在解释器开发期间解析令牌问题

Parsing tokens issue during interpreter development

本文关键字：令牌问题解释器开发期更新时间：2023-10-16

我正在用C++构建一个代码解释器，当我让整个令牌逻辑正常工作时，我遇到了一个意想不到的问题。

用户在控制台中输入一个字符串，程序将所述字符串解析为不同的对象类型Token，问题是我这样做的方式如下：

void splitLine(string aLine) {
stringstream ss(aLine);
string stringToken, outp;
char delim = ' ';
// Break input string aLine into tokens and store them in rTokenBag
while (getline(ss, stringToken, delim)) { 
// assing value of stringToken parsed to t, this labes invalid tokens
Token t (readToken(stringToken)); 
R_Tokens.push_back(t);
}   
}

这里的问题是，如果解析收到一个字符串，比如说Hello World!它会将其拆分为 2 个令牌Hello并World!

主要目标是让代码将双引号识别为字符串令牌的开头，并将其完整存储(从"到")作为单个令牌。因此，如果我输入x = "hello world"它将x存储为令牌，然后接下来运行=作为令牌，然后hello world为令牌而不是拆分它

您可以使用C++14引用的操纵器。

#include <string>
#include <sstream>
#include <iomanip>
#include <iostream>
void splitLine(std::string aLine) {
std::istringstream iss(aLine);
std::string stringToken;
// Break input string aLine into tokens and store them in rTokenBag
while(iss >> std::quoted(stringToken)) {
std::cout << stringToken << "n";
}
}
int main() {
splitLine("Heloo world "single token" new tokens");
}

你真的不想通过在分隔符处拆分来标记编程语言。

适当的分词器将打开第一个字符以决定要读取的令牌类型，然后只要找到适合该令牌类型的字符，然后继续读取，然后在找到第一个不匹配字符时发出该标记(然后将用作下一个令牌的起点)。

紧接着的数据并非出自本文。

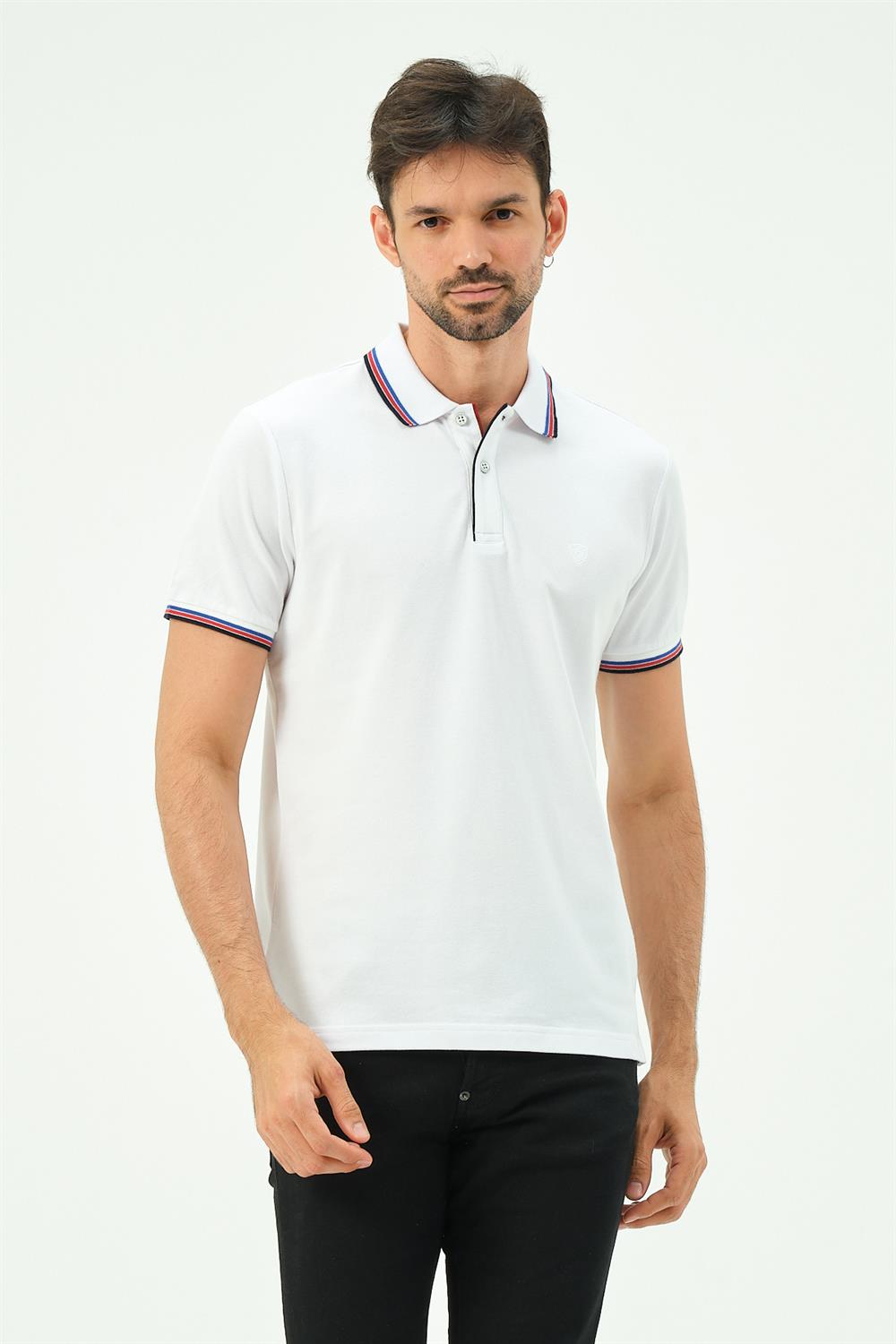MSW Çizgili Regular Fit Erkek Beyaz Polo Yaka T-shirt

这可能看起来像这样(假设it是一个istreambuf_iterator或其他一些逐字符迭代输入的迭代器)：

Token Tokenizer::next_token() {
if (isalpha(*it)) {
return read_identifier();
} else if(isdigit(*it)) {
return read_number();
} else if(*it == '"') {
return read_string();
} /* ... */
}
Token Tokenizer::read_string() {
// This should only be called when the current character is a "
assert(*it == '"');
it++;
string contents;
while(*it != '"') {
contents.push_back(*it);
it++;
}
return Token(TokenKind::StringToken, contents);
}

这不处理的是转义序列或我们到达文件末尾而没有看到第二个"的情况，但它应该给你基本的想法。

像std::quoted这样的东西可能会解决字符串文字的直接问题，但如果您希望x="hello world"以与x = "hello world"相同的方式进行标记化(您几乎肯定会这样做)，它将无济于事。

PS：您也可以先将整个源代码读入内存，然后让您的令牌包含指向源的索引或指针而不是字符串(因此，您只需在循环之前保存起始索引，然后返回Token(TokenKind::StringToken, start_index, current_index)，而不是contents变量)。哪一个更好，部分取决于你在解析器中做什么。如果您的解析器直接生成结果，并且您在处理后不需要保留令牌，则第一个令牌的内存效率更高，因为您永远不需要将整个源代码保存在内存中。如果创建 AST，则无论哪种方式，内存消耗都将大致相同，但第二个版本将允许您拥有一个大字符串而不是许多小字符串。

所以我终于想通了，我可以使用getline()来实现我的目标。

这个新代码按照我需要的方式运行和解析：

void splitLine(string aLine) {
stringstream ss(aLine);
string stringToken, outp;
char delim = ' ';
while (getline(ss, stringToken, delim)) { // Break line into tokens and store them in rTokenBag
//new code starts here
// if the current parse sub string starts with double quotes
if (stringToken[0] == '"' ) { 
string torzen;
// parse me the rest of ss until you find another double quotes
getline(ss, torzen, '"' ); 
// Give back the space cut form the initial getline(), add the parsed sub string from the second getline(), and add a double quote at the end that was cut by the second getline()
stringToken += ' ' + torzen + '"'; 
}
// And we can all continue with our lives 
Token t (readToken(stringToken)); // assing value of stringToken parsed to t, this labes invalid tokens
R_Tokens.push_back(t);
}

}

感谢所有回答和评论的人，你们都给了很大的帮助！